For this exercise, repeat exactly the lines below starting at the line holding "The Python window integrates" and ending at the line holding "Box C covers", both included, with no extra lines and no pictures.

◆ **Source material**:
────────────────
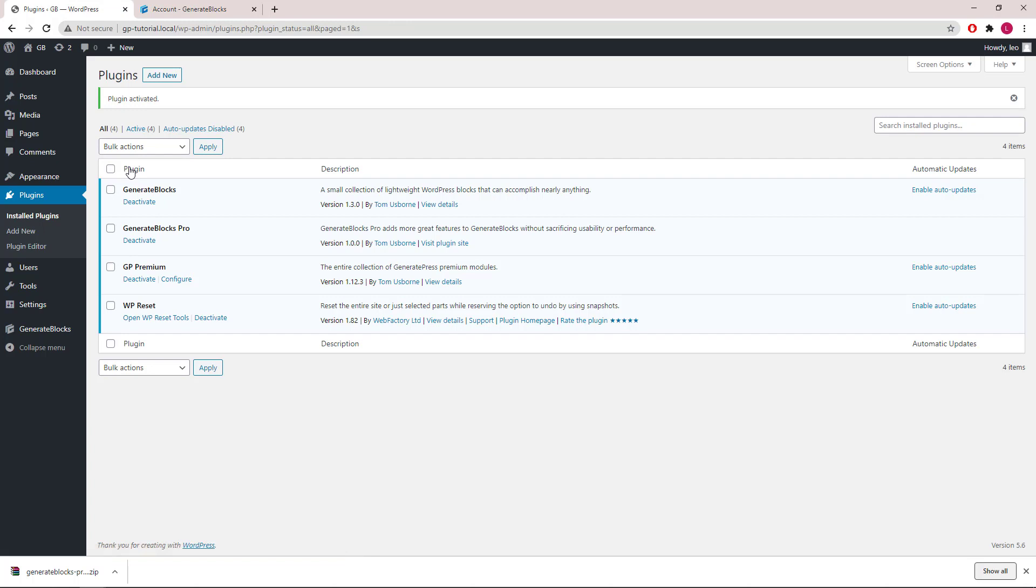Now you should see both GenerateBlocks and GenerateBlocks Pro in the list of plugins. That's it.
────────────────
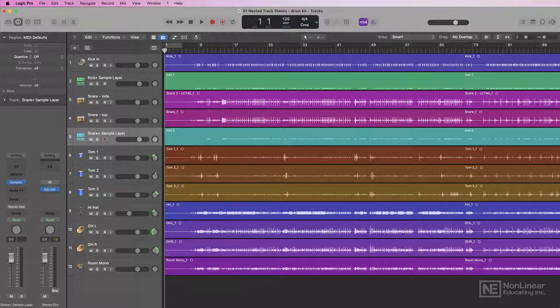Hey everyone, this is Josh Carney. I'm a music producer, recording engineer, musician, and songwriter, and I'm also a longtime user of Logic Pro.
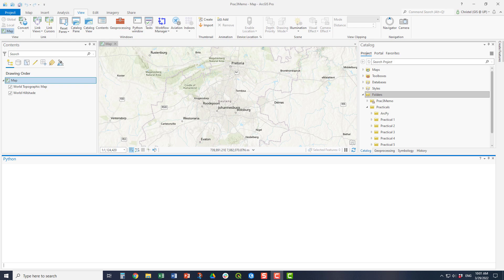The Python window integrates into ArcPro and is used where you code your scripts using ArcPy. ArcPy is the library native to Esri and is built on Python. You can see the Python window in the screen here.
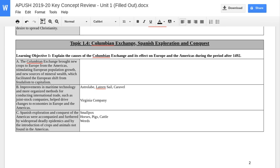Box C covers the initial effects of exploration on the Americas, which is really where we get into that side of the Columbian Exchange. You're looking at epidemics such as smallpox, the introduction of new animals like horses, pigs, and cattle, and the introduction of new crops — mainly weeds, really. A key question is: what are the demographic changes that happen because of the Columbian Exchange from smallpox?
────────────────
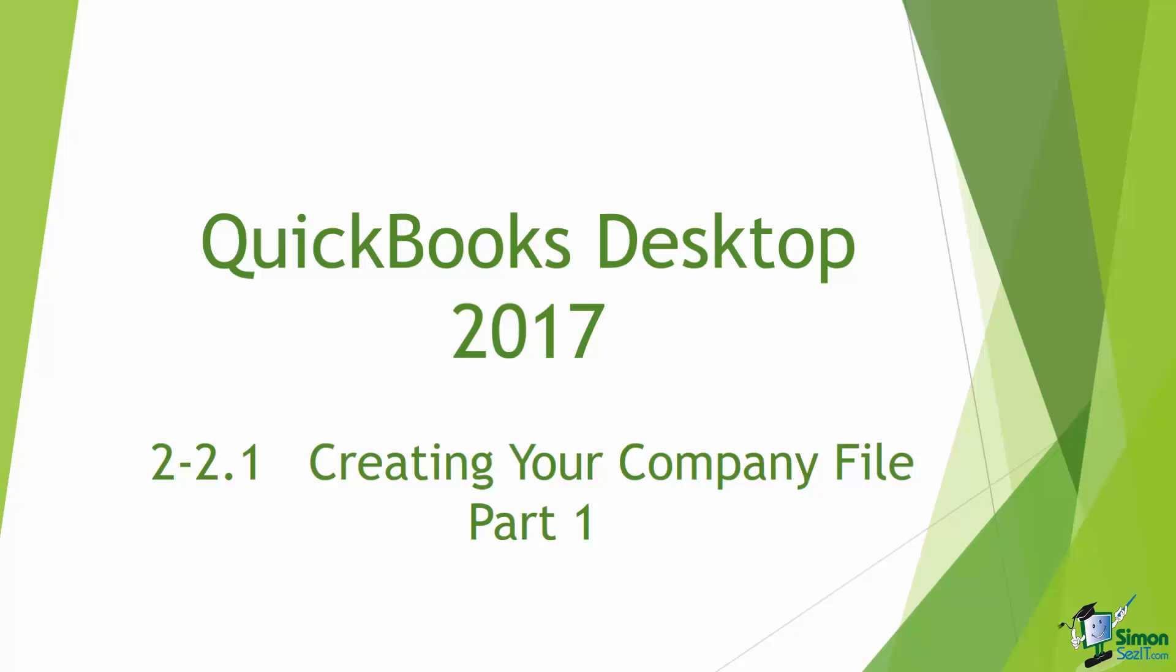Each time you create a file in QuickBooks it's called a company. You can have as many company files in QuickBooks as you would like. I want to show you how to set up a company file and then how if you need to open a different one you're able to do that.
────────────────
◆ **Task response**:
The Python window integrates into ArcPro and is used where you code your scripts using ArcPy. ArcPy is the library native to Esri and is built on Python. You can see the Python window in the screen here.
Box C covers the initial effects of exploration on the Americas, which is really where we get into that side of the Columbian Exchange. You're looking at epidemics such as smallpox, the introduction of new animals like horses, pigs, and cattle, and the introduction of new crops — mainly weeds, really. A key question is: what are the demographic changes that happen because of the Columbian Exchange from smallpox?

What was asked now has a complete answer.